Outgoing De Beers CEO, Philippe Mellier, acknowledged in what was his last public comment last Tuesday (three days before handing the keys to the executive bathroom to Cleaver) that the latest sales were "somewhat lower" but in line with expectations and typical of seasonal demand.

Signs of a softening market for diamonds have been evident for the past year with some categories of diamond tracked by the specialist diamond information service Rapaport falling in price by up to 15.6% on a year-to-year basis.

If lower prices at a weak point in the cycle was the only worry for De Beers then time and a pick-up in consumer demand for gems (plus a bit of marketing) could take care of the problem.

Unfortunately, diamonds are facing a challenge of the sort the industry had always hoped would never arrive - high-quality synthetic gems.

Martin Rapaport, chairman of Rapaport Group, has been campaigning hard for an industry reaction to the synthetic threat, calling in a statement last month for better "certification protocols to ensure that legitimate diamonds from good firms are differentiated from unknown diamonds from questionable sources".

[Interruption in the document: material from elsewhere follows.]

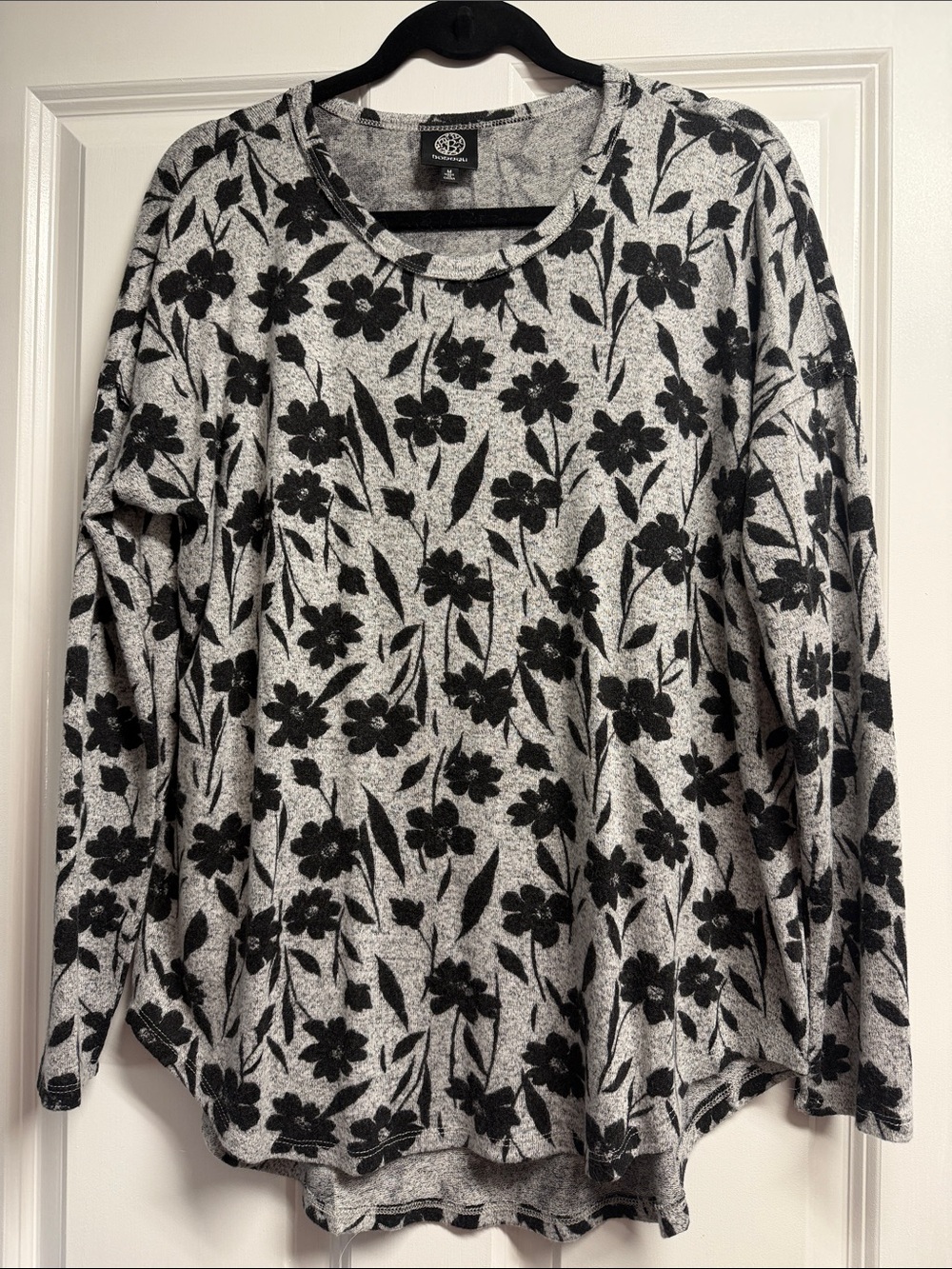 Bobeau Gray and Black Floral Long-Sleeve Crewneck Tee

"The industry must be able to answer the question: where do our diamonds come from?"

Rapaport is not alone in fretting about synthetics. Morgan Stanley, and investment bank, noted the "increased noise" around laboratory-grown diamonds in a research report released last week which warned that a rapid increase in the supply of diamonds and high inventories would cap prices for freshly-mined (rough) gems with smaller cheaper gems likely to be most susceptible to synthetic disruption

The bank reckons that inventory levels will be around 22% of supply this year, which is better than last year's big overhang of 27%, though the mountain of unsold diamonds is expected to be stuck at around 20% of supply in future years which is roughly double the normal stockpile.

The poor outlook for diamond prices is why Morgan Stanley ranks the industry on a par with iron ore as one of the cellar dwellers in its outlook for commodities with prices likely to fall over the next two years with the average global diamond price expected to drop by 4% this year and down another 7% next year, making it three down years in a row after last year's 4% decline.

That is not what Cutifani wants to read and it's why he will be pressuring Cleaver to deliver a better result from De Beers, which is expected to contribute 42% of Anglo American's pre-tax earnings this year, significantly more than platinum's 31% and copper's 27%.

Diamonds are hard, but selling them is harder.